_YOUR TASK_
If a line below falls between the line with "Road Assist sends" and the line with "The Valencia Cathedral", or is one of those two, output it exactly; output nothing else and no pictures.

(EXERCISE MATERIAL Opens)

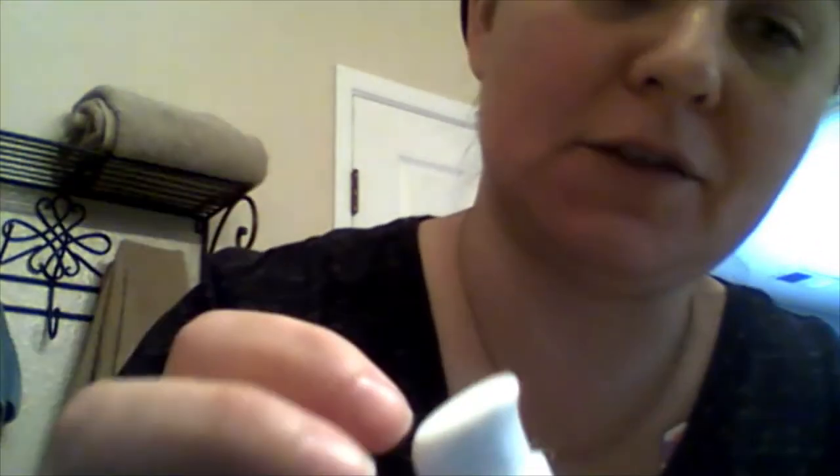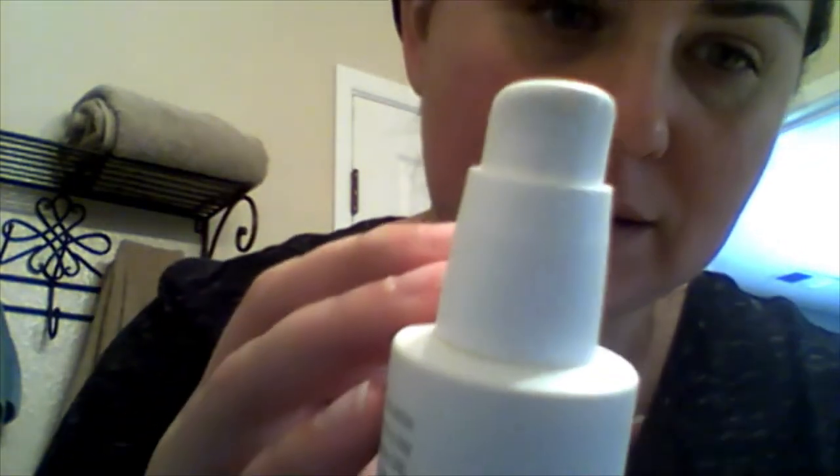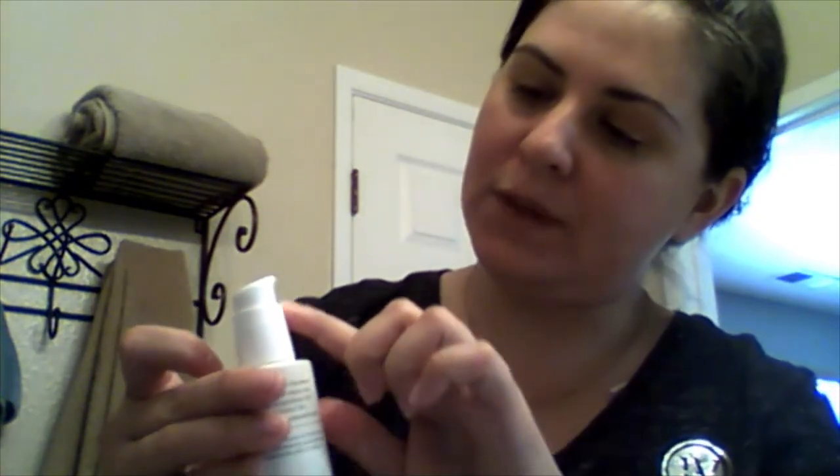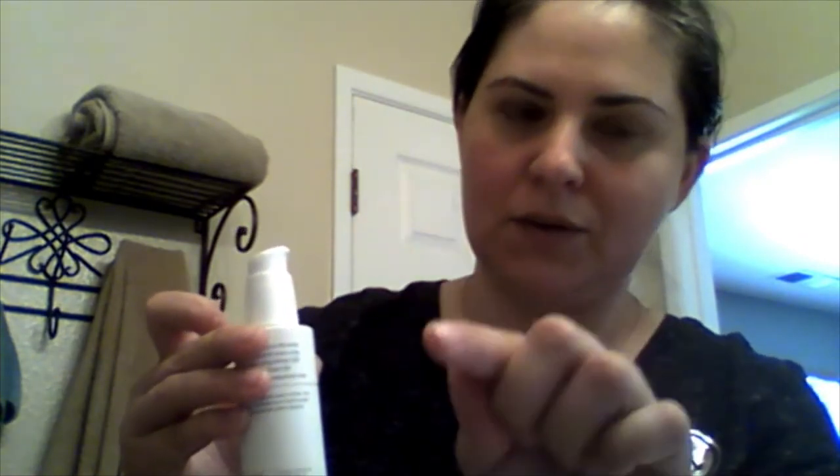One thing I think is really nice about the packaging — I don't know if you can see it — there's a little water drop icon and a little triangle, which shows you how you turn it to lock it so you can't accidentally push it, and then you turn the other way to unlock it so you're able to pump it.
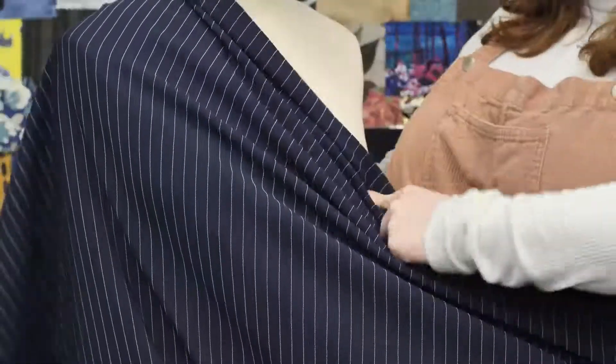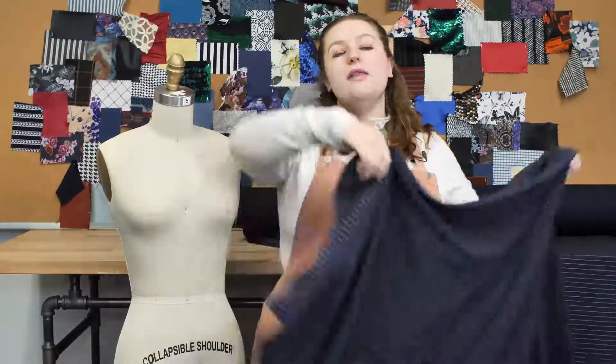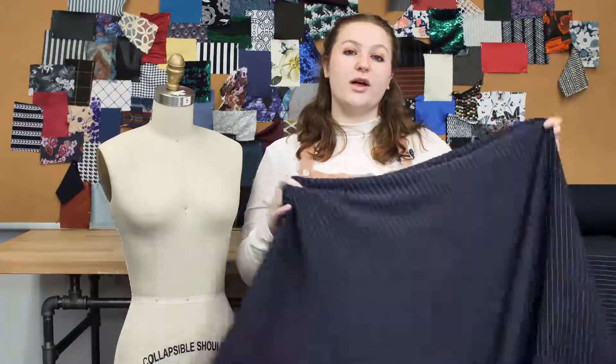I'd love to see this as a bodycon dress with flounce sleeves, paired with tights and some strappy heels. This product is 95% polyester and 5% spandex, which we machine wash in warm or cold water, tumble dry low, and iron low.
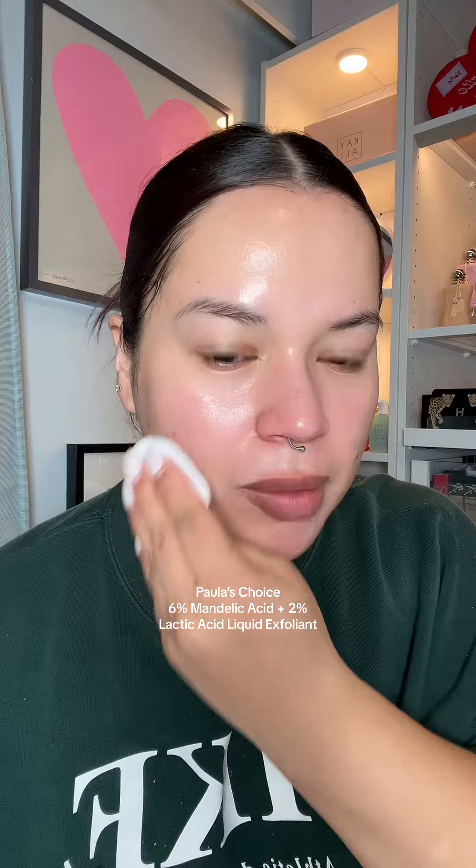Going to do a bit of exfoliation with the Paula's Choice 6% Mandelic Acid and 2% Lactic Acid Liquid Exfoliant — my go-to exfoliant lately. It's so gentle and so effective; my skin doesn't react badly, it doesn't burn when I put it on. I do sometimes use exfoliants where as soon as you apply them you can feel your skin tingling and burning — that's normal for some. But because I have seborrheic dermatitis and perioral dermatitis, I prefer a more gentle exfoliant.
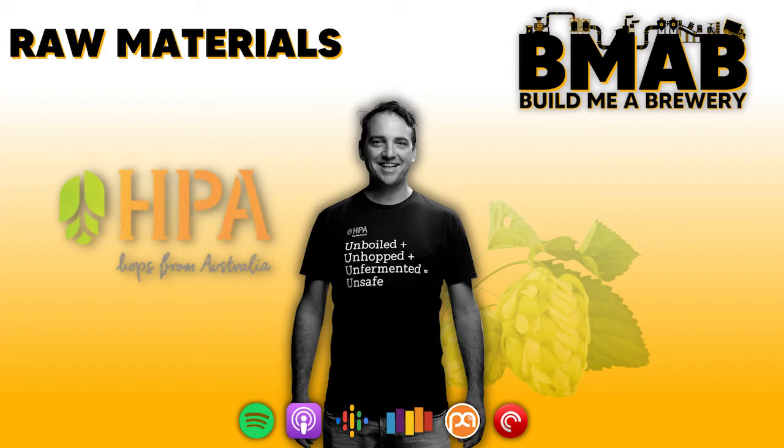How many hop varieties does HPA produce? We've got quite a few proprietary varieties: Ella, Enigma, Galaxy — our big one — Topaz, Big Secret, and our newest hop HPA 016, which will be released very soon. We were going to launch it earlier in the year during Good Beer Week, but COVID came along and put a stop to people's plans, so we put the launch off. We're looking forward to launching it around the time of the Indies awards.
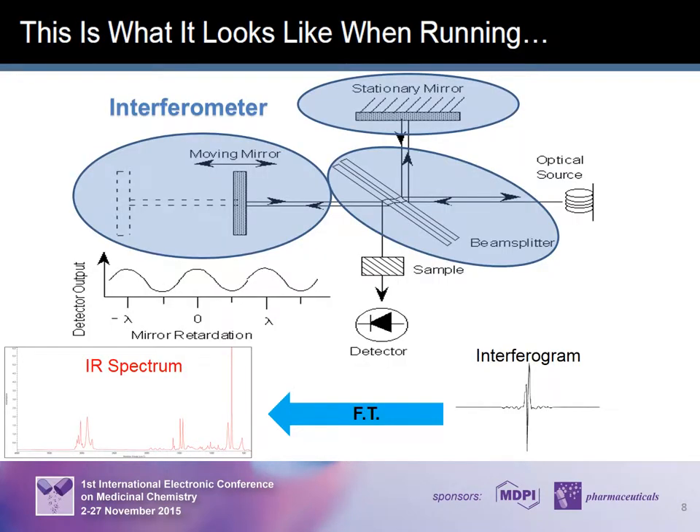A Michelson interferometer is used to split one beam of light into two, so that the path lengths of these two beams differ. Then the interferometer combines these two beams and conducts them into the detector, where the differences in intensity of the two beams are measured as a function of the path difference. You obtain an interferogram — a function of time — whose output values make up the time domain. The time domain is Fourier-transformed to get a frequency domain, which is converted to obtain a spectrum.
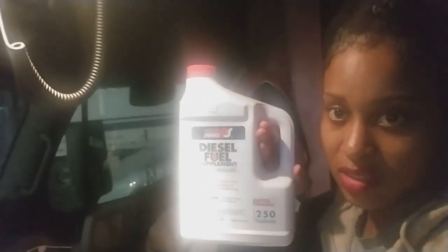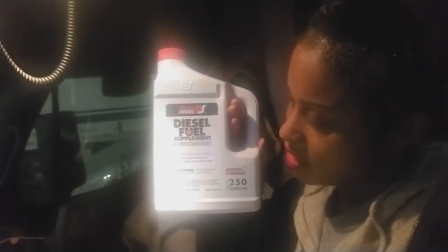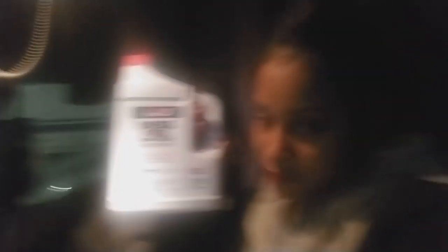Road Assist sends us helpful messages on how to work on our trucks and what they recommend. They recommended this right here - it's called PS, Power Service Diesel Fuel Supplement plus cetane boost, winter riser anti-gel. It prevents fuel gelling and protects against fuel filter icing. You really don't want those problems because that's even an issue for your APU, because your APU runs off your driver-side tank. If your APU can't suck fuel to start itself because it's also a diesel engine, and it's super cold, I'd recommend you check your fuel.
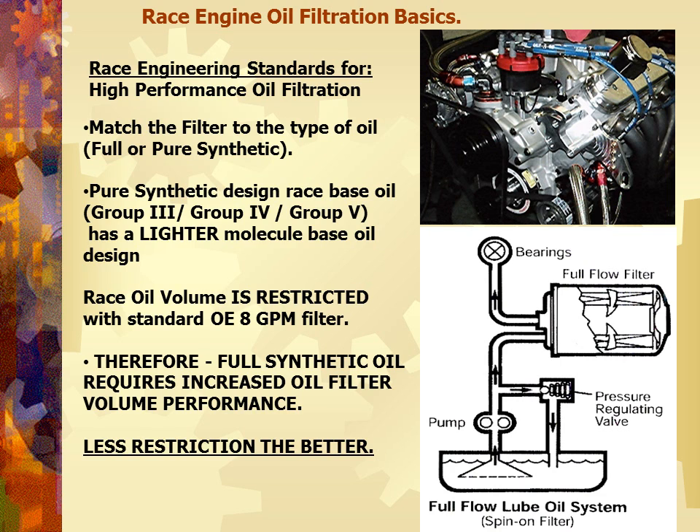We have to match the filter to the type of oil, whether a pure synthetic or otherwise. We've got our Group 2s, 3s, 4s, aerospace oils, and Group 5s which have a lighter base. An old heavy-duty diesel-type 40 or 50-weight oil can shove itself through just about anything because of its heavy, dense molecules. A synthetic molecule doesn't have that density and needs a greater gallon-per-minute flow through the filter. So the less restriction we have, the better.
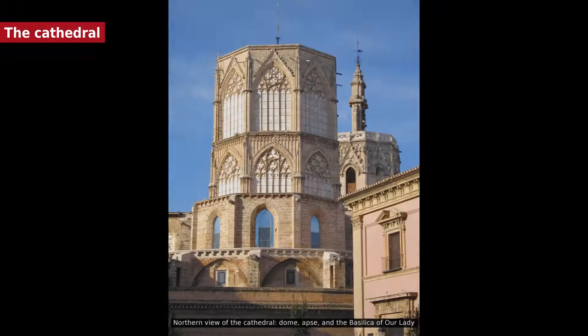The Valencia Cathedral was called Iglesia Major in the early days of the Reconquista, then Iglesia de la Seu, and by virtue of a papal concession of October 16, 1866, it was called the Basílica Metropolitana. It is situated in the center of the ancient Roman city, where some believe the Temple of Diana once stood.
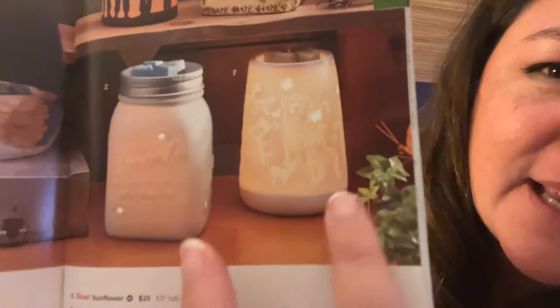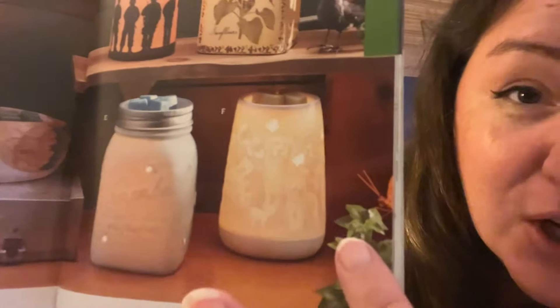They've also got little boots now — big boots and little boots. And there's a new warmer that's like a portrait of a whole bunch of different dogs, called Furry Friends. There's also a new mini version.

(EXERCISE MATERIAL Closes)

_RESPONSE TO THE TASK_
Road Assist sends us helpful messages on how to work on our trucks and what they recommend. They recommended this right here - it's called PS, Power Service Diesel Fuel Supplement plus cetane boost, winter riser anti-gel. It prevents fuel gelling and protects against fuel filter icing. You really don't want those problems because that's even an issue for your APU, because your APU runs off your driver-side tank. If your APU can't suck fuel to start itself because it's also a diesel engine, and it's super cold, I'd recommend you check your fuel.
We have to match the filter to the type of oil, whether a pure synthetic or otherwise. We've got our Group 2s, 3s, 4s, aerospace oils, and Group 5s which have a lighter base. An old heavy-duty diesel-type 40 or 50-weight oil can shove itself through just about anything because of its heavy, dense molecules. A synthetic molecule doesn't have that density and needs a greater gallon-per-minute flow through the filter. So the less restriction we have, the better.
The Valencia Cathedral was called Iglesia Major in the early days of the Reconquista, then Iglesia de la Seu, and by virtue of a papal concession of October 16, 1866, it was called the Basílica Metropolitana. It is situated in the center of the ancient Roman city, where some believe the Temple of Diana once stood.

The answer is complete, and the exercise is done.